Site icon Del Report

Julian Assange loses challenge to UK arrest warrant

Australian founder of whistleblowing website, 'WikiLeaks', Julian Assange speaks to media after giving a press conference in London on July 26, 2010. The founder of a website which published tens of thousands of leaked military files about the war in Afghanistan said Monday they showed that the "course of the war needs to change". In all, some 92,000 documents dating back to 2004 were released by the whistleblowers' website Wikileaks to the New York Times, Britain's Guardian newspaper, and Germany's Der Spiegel news weekly. Assange also used a press conference in London to dismiss the White House's furious reaction to the disclosures.

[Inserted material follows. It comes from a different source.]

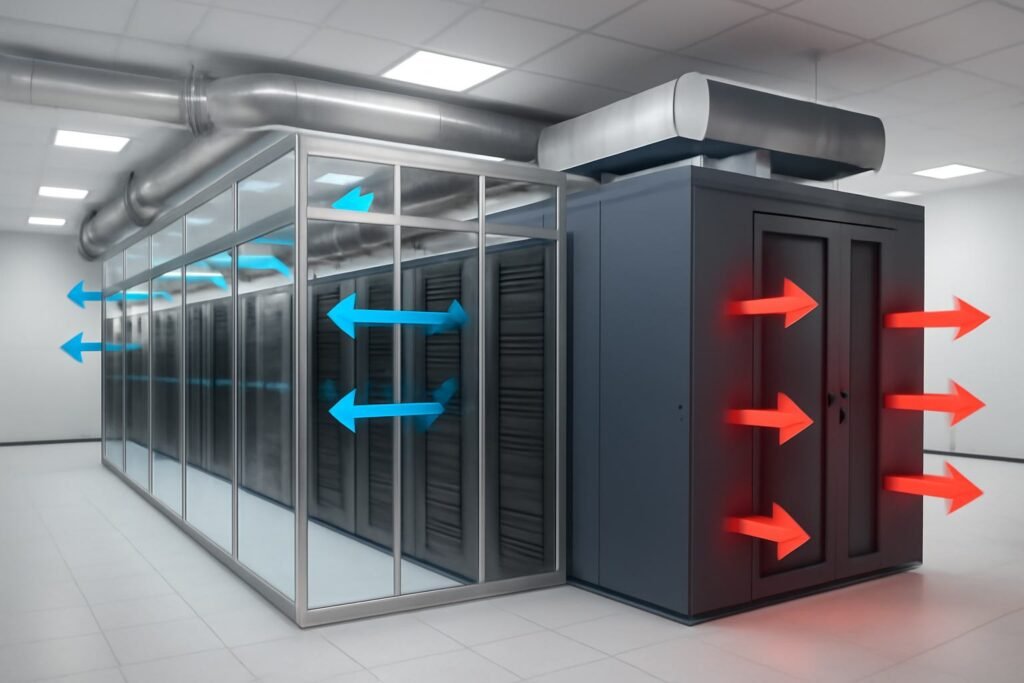 Mastering Cold Aisle and Hot Aisle Containment: An In-Depth Efficiency Analysis for Modern Data Centers Mastering Cold Aisle and Hot Aisle Containment An In Depth Efficiency Analysis for Modern Data Centers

AFP PHOTO/Leon Neal (Photo credit should read LEON NEAL/AFP/Getty Images)

Judge Emma Arbuthnot said the warrant stands, rejecting a call from Mr Assange’s lawyers for the warrant to be revoked because he is no longer wanted for questioning in Sweden.

Mr Assange’s team argued the UK warrant should be withdrawn as it “lost its purpose and function”.

The defence papers stated: “He [Assange] has spent five and a half years in conditions which, on any view, are akin to imprisonment, without access to adequate medical care or sunlight, in circumstances where his physical and psychological health have deteriorated and are in serious peril.”

Mr Assange has been holed up in the Ecuadorian embassy in London since he took refuge there in June 2012 to avoid extradition to Sweden.

Swedish prosecutors were investigating allegations of sexual assault and rape made by two women in 2010.

Swedish prosecutors dropped the case last year, but Assange was still subject to a British arrest warrant for jumping bail in 2012.

Had the judge ruled in Mr Assange’s favour, he would have been free to leave the embassy without being arrested on the British warrant.

However, Mr Assange suspects there is a secret US indictment against him for WikiLeaks’ publication of leaked classified American documents, and that US authorities will seek his extradition.

Earlier this month, Ecuador said it had granted the Australian-born hacker citizenship, as the South American country tried to unblock the stalemate that has kept Assange as its houseguest for five-and-a-half years.

Ecuador also asked Britain to grant him diplomatic status. Britain refused, saying “the way to resolve this issue is for Julian Assange to leave the embassy to face justice.”